Nas ocasiões em que esses baús não estão tão cheios, é comum ver homens, mulheres e crianças com metade do corpo para dentro, fuçando os resíduos. Alguns andam em dupla. Um deles, geralmente o de menor estatura, literalmente entra na lixeira e vai passando para o que está do lado de fora os itens considerados de algum valor. Eles se mostram resistentes a dar entrevistas ou mostrar o rosto. “Tenho muita vergonha, eu era professora do secundário, daí passei a trabalhar numa ONG, meu marido era comerciante e vivíamos uma vida de classe média baixa, mas sem passar grandes dificuldades. Agora, faço trabalho voluntário de dia e, durante a tarde, ajudo ele a coletar papelão, latas e vidros dos lixões”, diz Luciana Opeda, de 31 anos.
As imagens deprimentes tornaram-se comuns não apenas nos bairros aristocráticos, mas no centro e na periferia da capital argentina. Não são exatamente uma novidade. Desde a gestão anterior, do peronista Alberto Fernández, quando a pobreza beirava os 40% da população, revirar o lixo virou modo de sobrevivência. Hoje, quase um ano após a eleição do ultradireitista Javier Milei, essas cenas são, porém, cada vez mais comuns e não causam susto ou surpresa aos transeuntes, que apenas se desviam um pouco do caminho para evitar ser atingidos pelos detritos.
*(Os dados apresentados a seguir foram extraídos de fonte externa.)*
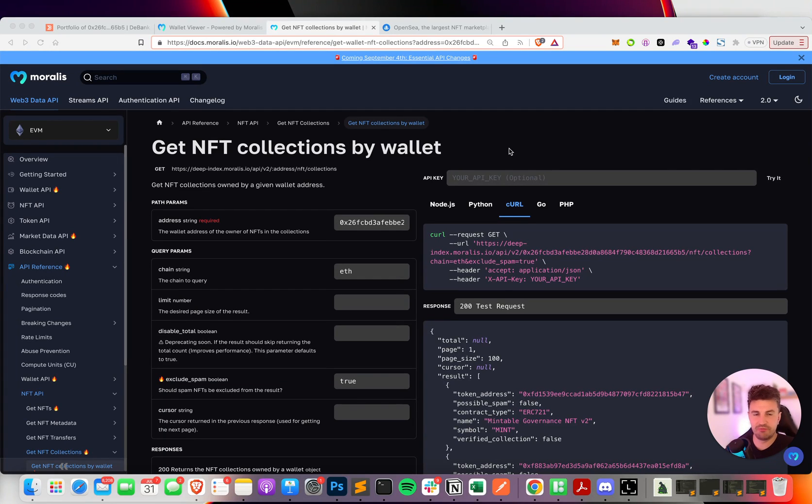Hey guys, in this feature drop video we're going to be checking out a couple of new features we've just launched on our NFT API.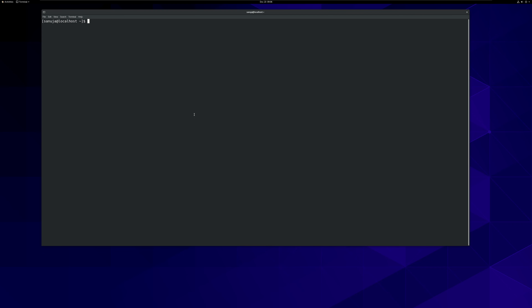Welcome. Today we will learn how we can install Dovecot and Sendmail on a Linux machine. By doing so, we will convert this CentOS 8 into a Linux mail server.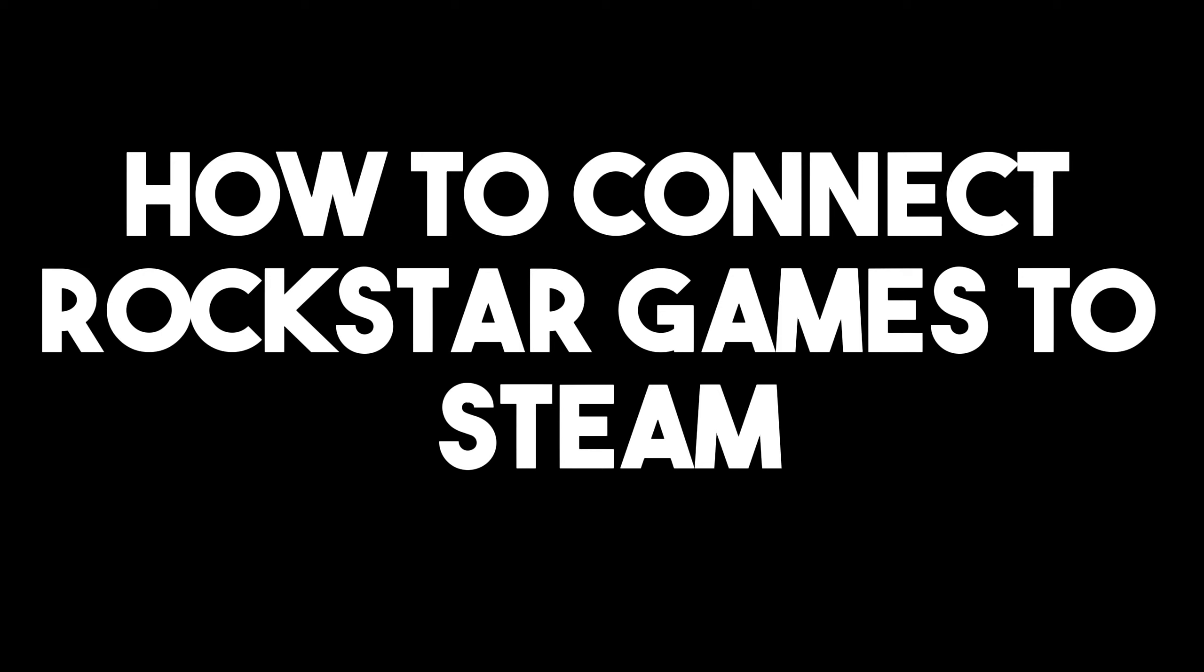Hello everyone, in this video I will be showing you how to connect Rockstar Games to Steam.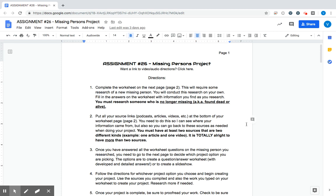Alright, wanted to provide some quick instructions on how to do the missing persons project. So our unit with all the missing persons cases is coming to a close.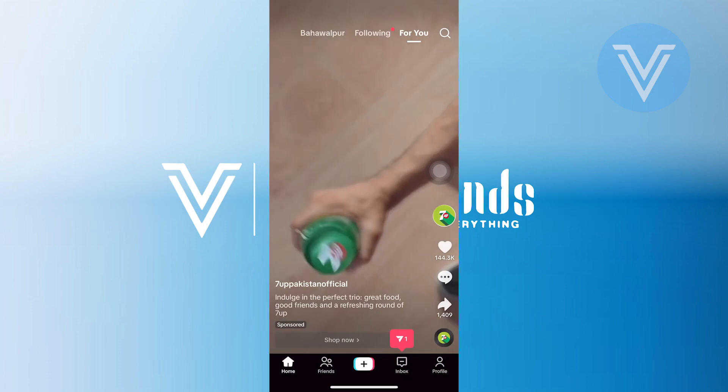While scrolling through TikTok, you receive a prompt at the bottom suggesting you add a friend from your contacts.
Milei tem comemorado os números macroeconômicos, como a queda do índice de inflação, em torno de 3,5% ao mês e 100% ao ano, ainda altíssimos se comparados a vários países da região, mas bem inferiores àqueles de antes de sua posse, quando o índice mensal era de 26% e o anual ultrapassava os 200%. Economistas concordam que a redução do índice resulta da derrubada da atividade econômica. A série de ajustes nas tarifas de água, luz, transporte e eletricidade, somada às milhares de demissões em órgãos da administração pública, levou argentinos de todas as classes a gastar menos. E aqueles que já gastavam pouco trocaram os supermercados pelas lixeiras.
Voz baixa. A divisão das forças oposicionistas dificulta a mobilização popular – Imagem: Diego Lima/AFP
A retórica do governo é a de que o mega-ajuste, sem os subsídios que mantinham a qualidade de vida de setores das classes média e baixa, era um remédio duro de engolir. E que, após isso, tudo começaria a melhorar. A população se divide. Milei, apesar do choque, ainda se mantém acima dos 50% de aprovação. Mas é igualmente correto dizer que as pesquisas têm demonstrado uma crescente insatisfação. “Diziam que essa reforma era contra a casta política. Mentira, quem paga, como sempre, são os mais velhos, como depois da crise do ‘corralito’”, protesta Josué Sanabria, aposentado obrigado a manter-se na ativa para sobreviver. A fragmentação da oposição colabora para a falta de uma pressão maior sobre a Casa Rosada. As manifestações ocorrem aqui e ali, mas aquelas que unem a população transversalmente estão relacionadas aos cortes na educação pública, assunto caro aos argentinos. As manifestações acontecem em várias capitais e fazem o governo colocar o pé no freio de vez em quando em sua operação “motosserra”, como apelidou de forma folclórica o corte de gastos.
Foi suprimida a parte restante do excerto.